Five days have been set aside for the Quebec court proceedings against Gabriel Sohier-Chaput, 35, who faces a single count of wilfully promoting hate propaganda. If he is found guilty, the crime is punishable by a maximum of two years in prison.
Sohier-Chaput is said to have published articles in the far-right publication the Daily Stormer and posts in forums like the now-defunct Iron March.

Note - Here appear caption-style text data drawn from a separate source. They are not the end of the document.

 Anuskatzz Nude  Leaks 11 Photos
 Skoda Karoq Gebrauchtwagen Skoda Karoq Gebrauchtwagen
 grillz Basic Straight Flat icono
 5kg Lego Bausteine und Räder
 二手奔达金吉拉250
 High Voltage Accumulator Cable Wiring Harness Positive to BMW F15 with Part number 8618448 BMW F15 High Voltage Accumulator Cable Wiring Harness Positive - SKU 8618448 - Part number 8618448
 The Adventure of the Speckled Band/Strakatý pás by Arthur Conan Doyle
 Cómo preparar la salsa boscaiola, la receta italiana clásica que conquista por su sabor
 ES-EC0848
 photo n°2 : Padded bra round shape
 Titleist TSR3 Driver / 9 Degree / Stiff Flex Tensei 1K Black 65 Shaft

Both platforms regularly used racist, sexist and homophobic slurs, and promoted conspiracy theories, along with coverage of what they called the "Race War" and the "Jewish Problem."
Researchers of the far-right said the Daily Stormer and Iron March were targeting a young male audience across Canada and the United States, using memes, images, inside jokes and culture to disseminate their ideology.

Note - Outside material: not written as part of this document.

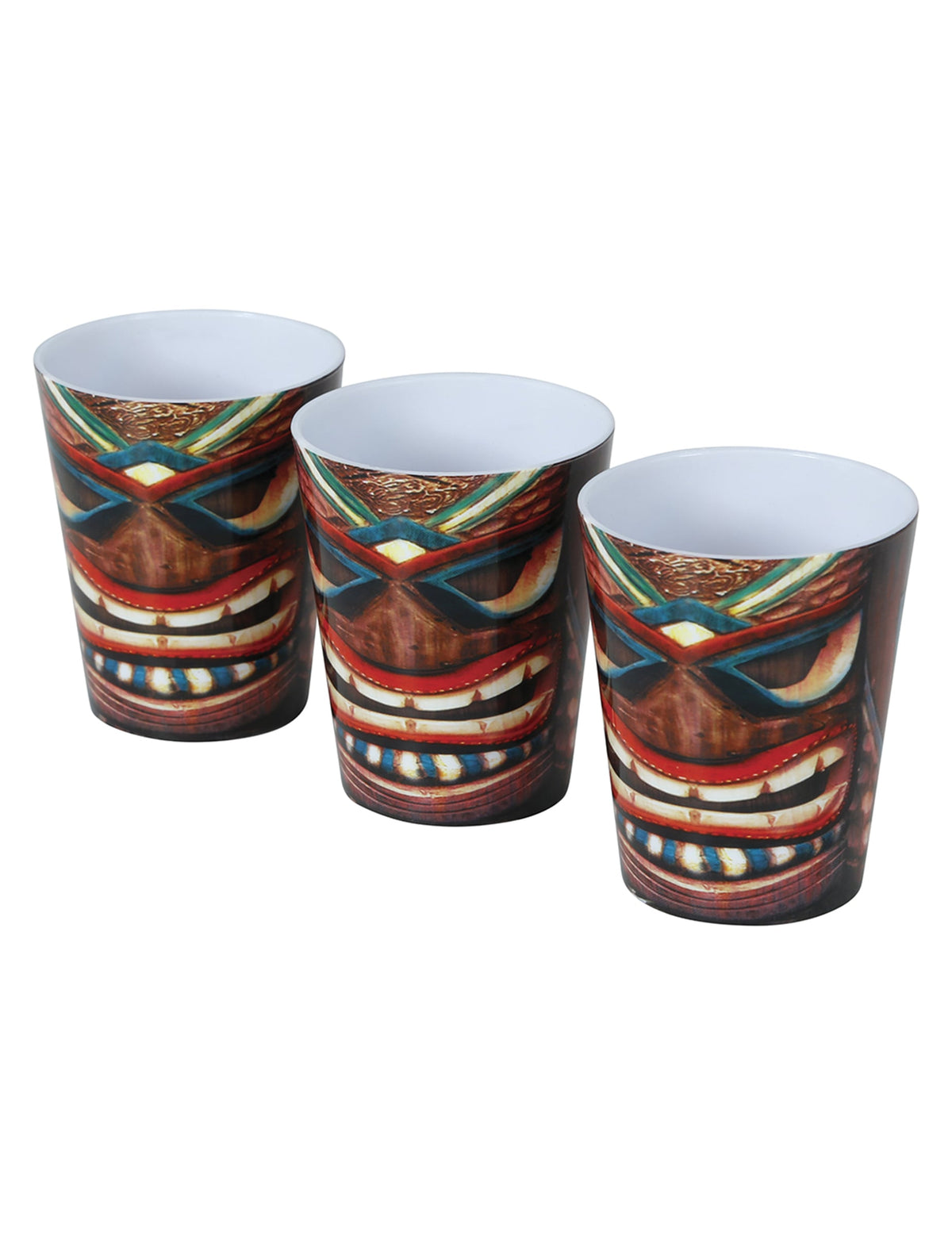 3 Tiki Havaj Shot Gula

This separated them from other Quebec-based extremist groups like La Meute or Storm Alliance, which typically have appealed to francophone nationalists over the age of 40.

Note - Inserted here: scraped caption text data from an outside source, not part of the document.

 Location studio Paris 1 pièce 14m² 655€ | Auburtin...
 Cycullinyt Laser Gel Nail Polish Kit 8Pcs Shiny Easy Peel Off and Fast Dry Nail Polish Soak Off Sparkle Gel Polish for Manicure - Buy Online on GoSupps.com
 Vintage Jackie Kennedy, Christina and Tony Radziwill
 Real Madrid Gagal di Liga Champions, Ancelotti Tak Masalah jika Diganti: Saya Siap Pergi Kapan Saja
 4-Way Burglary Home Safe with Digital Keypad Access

Sohier-Chaput was named in a series of articles by the Montreal Gazette in 2018 which allege he participated in neo-Nazi recruitment in Montreal and that he went to the Unite the Right rally in Charlottesville, Va., in August 2017.
The rally gathered neo-fascists, white supremacists, Klansmen and others, and a right-wing extremist deliberately drove into a crowd and killed 32-year-old counter-protester Heather Heyer.
The Gazette investigation also says Sohier-Chaput was responsible for the digitization of a 1980s manifesto named SIEGE, which called for the creation of a white ethno-state through violence.
Following the publication of those articles, B'nai Brith Canada filed a complaint against Sohier-Chaput with the Montreal police.
An arrest warrant was issued in November 2018, but by then, Sohier-Chaput was no longer in Montreal. He made his first appearance before a judge two years later, in November 2020.
"There can be no place for white supremacy or hatred of any kind in today's Canada," Michael Mostyn, CEO of B'nai Brith Canada, said in a statement in the lead-up to this week's trial.
Convictions for the willful spread of hateful propaganda are rare in Canada. Section 319 (2), the relevant section of the Criminal Code defines hateful propaganda as speech that calls people's humanity into question.
The challenge is proving that intent beyond a reasonable doubt.
When someone lays a complaint alleging hate speech, police must decide whether a hate crime took place. They then send the file to a Crown prosecutor who decides whether there's proof of hateful intentions. If the Crown decides what the police provided doesn't prove hateful intent, charges are not pressed.